Compute PSU Sampling Design Parameters
Source:R/StoxAnalyticalBaselineFunctions.R
ComputePSUSamplingParameters.Rd
Compute sampling parameters for Primary Sampling Units in multi-stage sampling.
Arguments
- StoxBioticData
StoxBioticData
Sample data to construct design parameters from- DefinitionMethod
'AdHocStoxBiotic' or 'ProportionalPoissonSampling'
- SamplingUnitId
name of column in 'StoxBioticData' that identifies the Primary Sampling Unit the design is constructed for.
- StratificationColumns
name of columns that are to be used to define Strata for sampling. (for DefinitionMethod 'AdHocStoxBiotic').
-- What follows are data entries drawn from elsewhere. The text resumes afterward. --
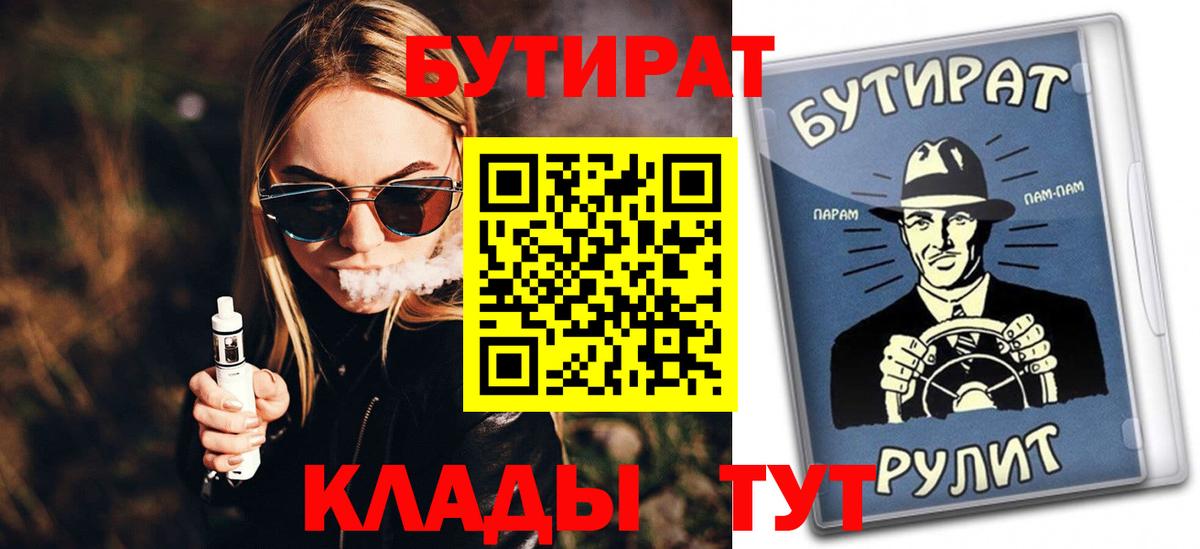 БУТИРАТ BDO 33%  Вход с VPN  Морозовск 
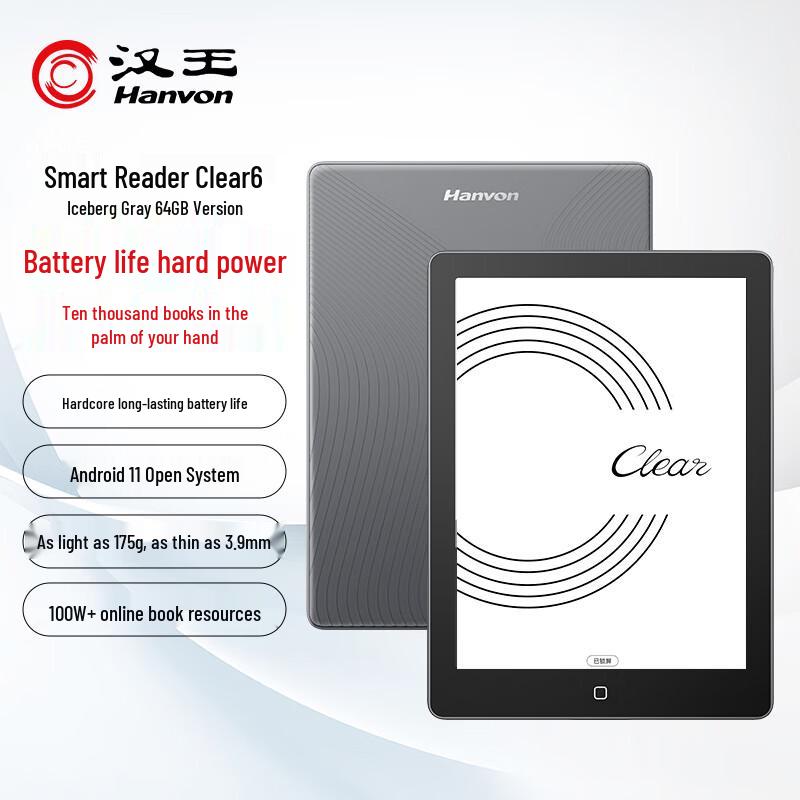 Hanvon Clear6/Clear6 Turbo 6-inch E-Ink Smart E-reader (CN version)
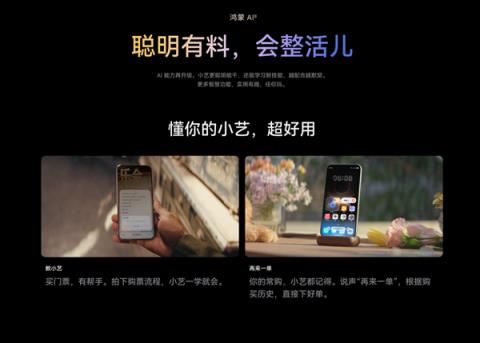 华为Mate80系列和Mate70系列怎么选:看完秒懂(图9)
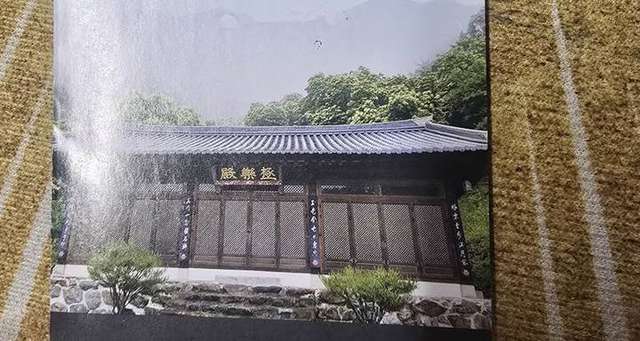 자은사 전경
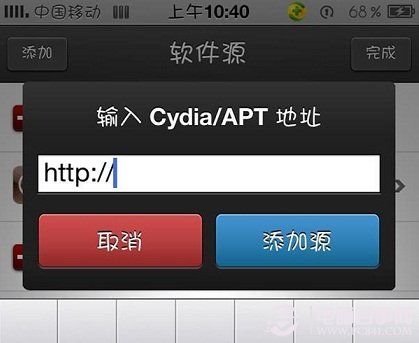 添加Cydia軟件源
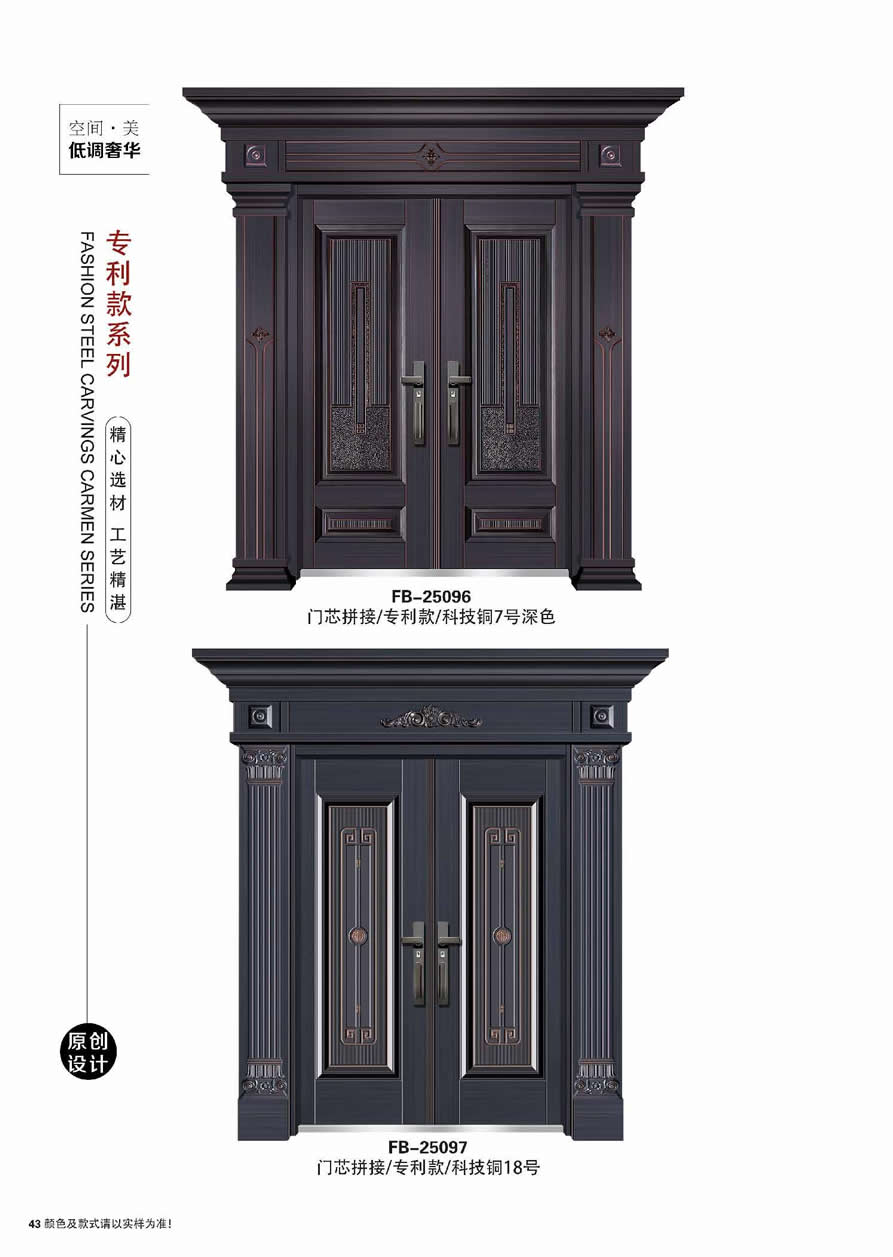 别墅大门100种图片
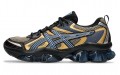 Asics GEL-Quantum Kinetic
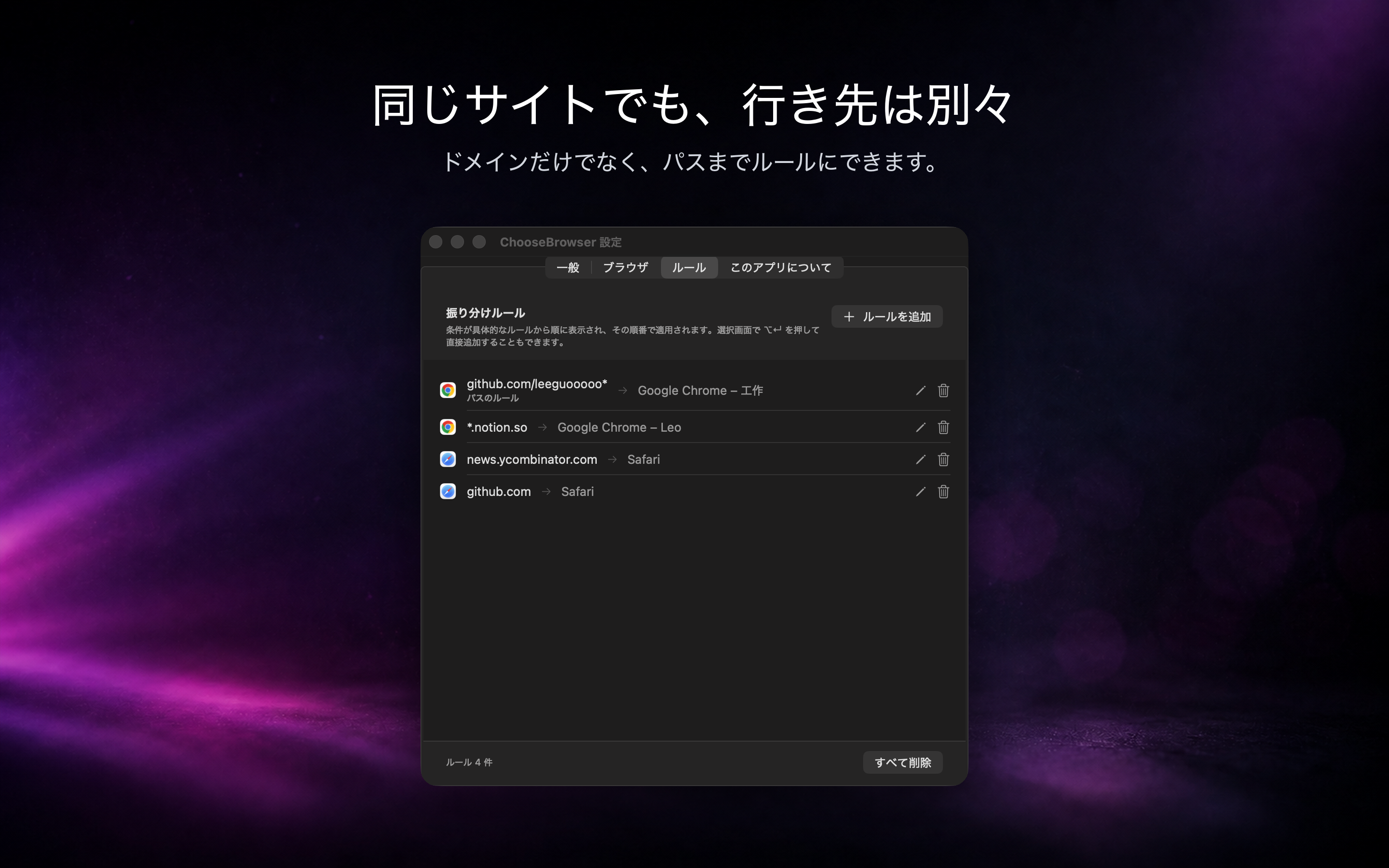 パスで振り分け、同じサイトでも行き先を分けられる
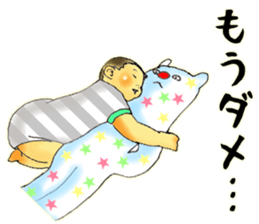 Baby boy!!!!! 6 sticker #12514007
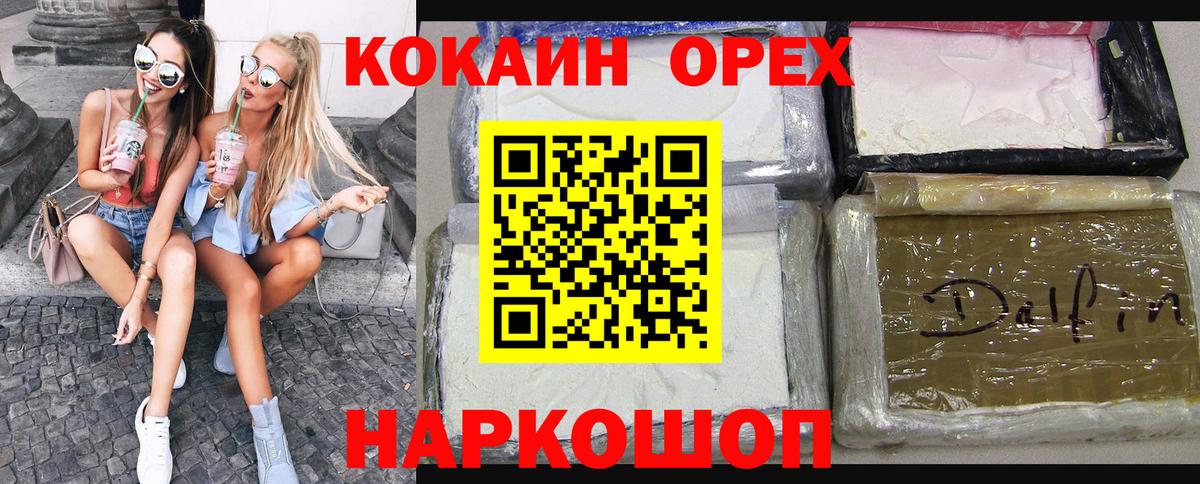 Семёнов  КОКАИН Columbia  Cocaine VHQ  Вход с VPN 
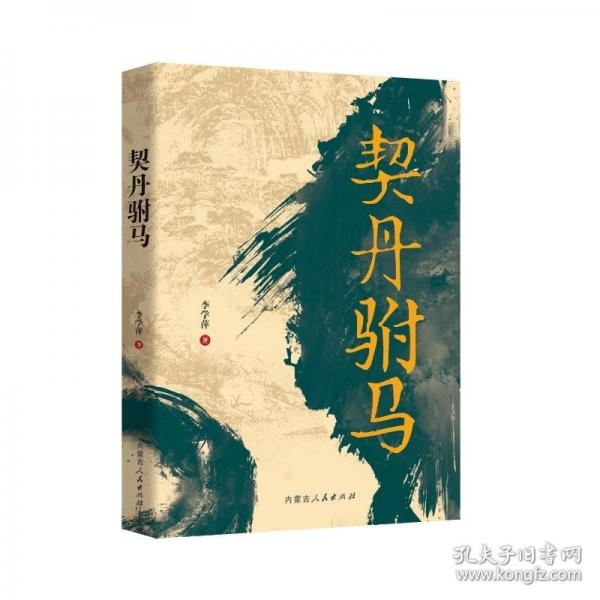 契丹駙馬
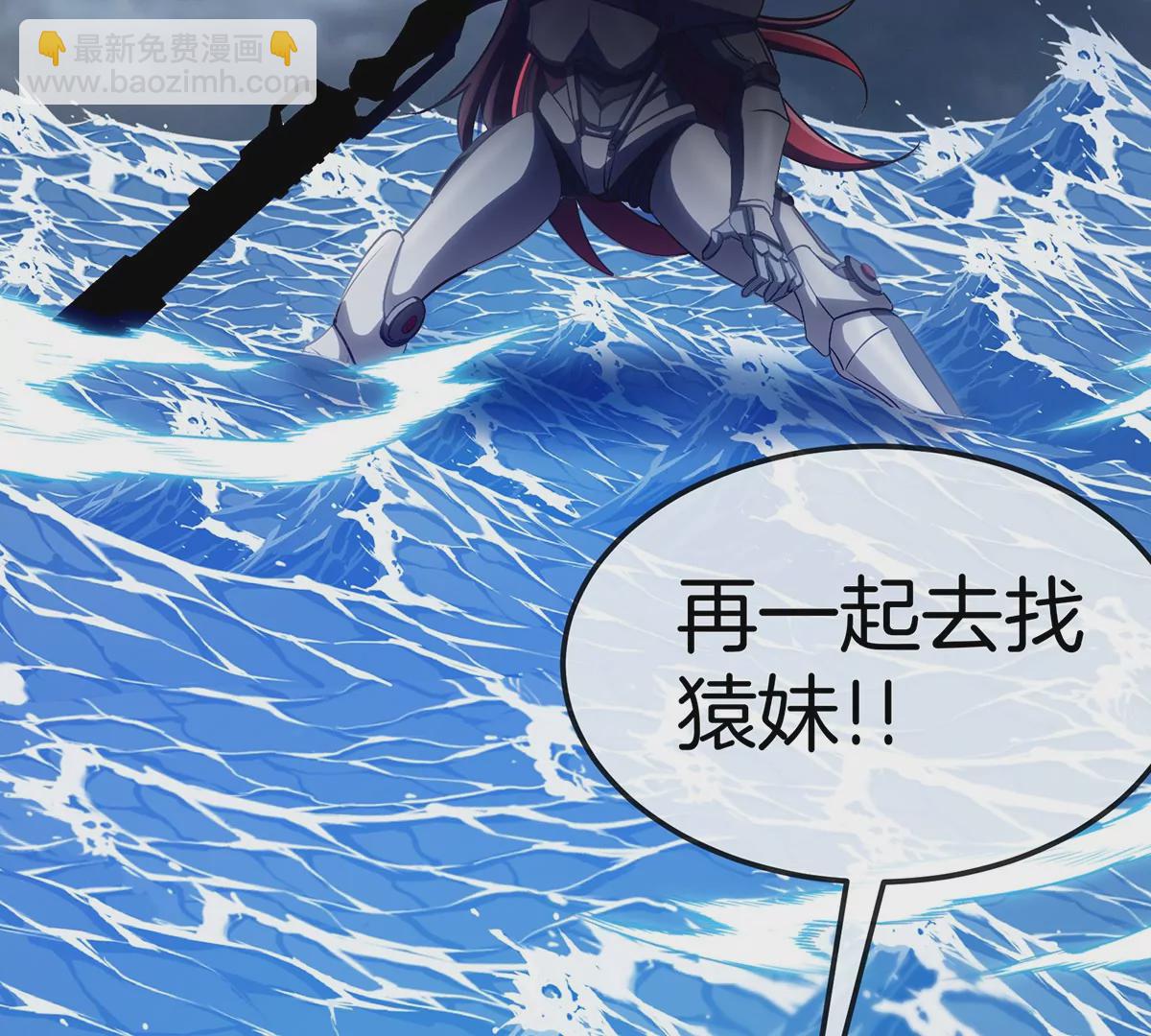 第110话 SS级强敌58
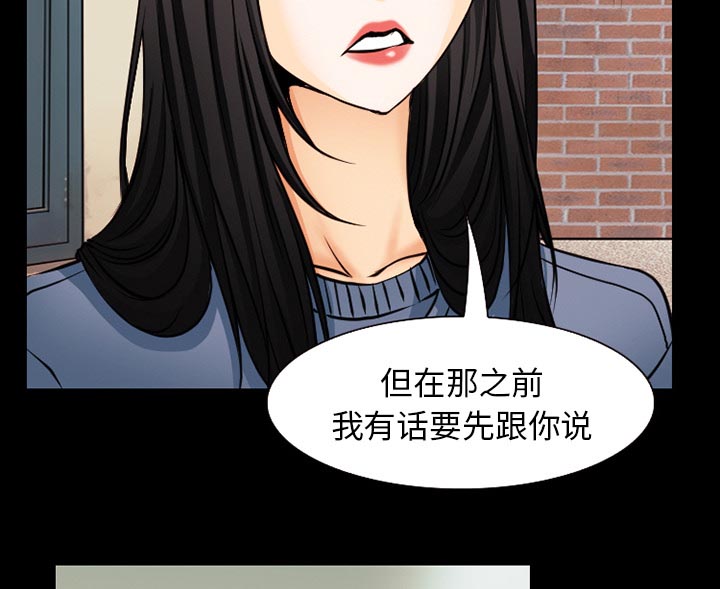 虚荣与谎言漫画,第62章：短信2图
See
PSUSamplingParametersData
- StratumName
name of the stratum sampling parameters are calculated for (for DefinitionMethod 'ProportionalPoissonSampling')
- Quota
expected total catch in sampling frame in kg (for DefinitionMethod 'ProportionalPoissonSampling')
- ExpectedSampleSize
the expected sample size for Possion sampling (for DefinitionMethod 'ProportionalPoissonSampling')
Details
Computes Sampling Design Parameters from data, given some assumptions specified by the 'DefinitionMethod'.
Primary Sampling Units (the argument 'SamplingUnitId') may be identified by any categorical (character, factor) or ordinal (factor, integer) variable in 'StoxBioticData', that are associated with the 'Sample'-table or any table above 'Sample' in the StoxBiotic-hierarchy.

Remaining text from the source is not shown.